[Opening INFORMATION PROVIDED section]

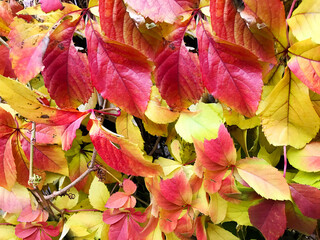 Autumn Leaves Ivy.Red and Yellow Autumn Leaves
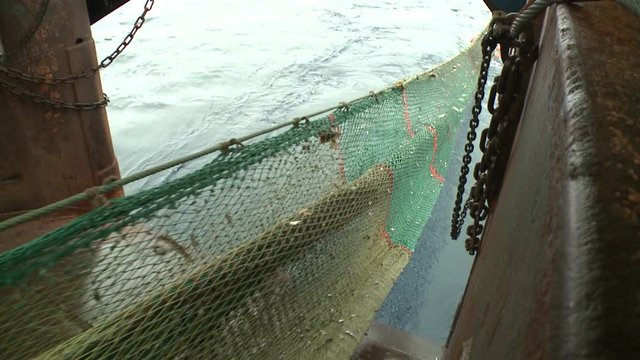 Rise of the trawl to the vessel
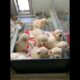 cute puppies #dog #puppy #puppies #dogs #dogvideos #doglover #cutedog #cutepuppy #dogshorts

[Closing INFORMATION PROVIDED section]

**TASK DESCRIPTION:**
Please transcribe each line above exactly, but leave the images out.

**WRITTEN SOLUTION:**
 Autumn Leaves Ivy.Red and Yellow Autumn Leaves
 Rise of the trawl to the vessel
 cute puppies #dog #puppy #puppies #dogs #dogvideos #doglover #cutedog #cutepuppy #dogshorts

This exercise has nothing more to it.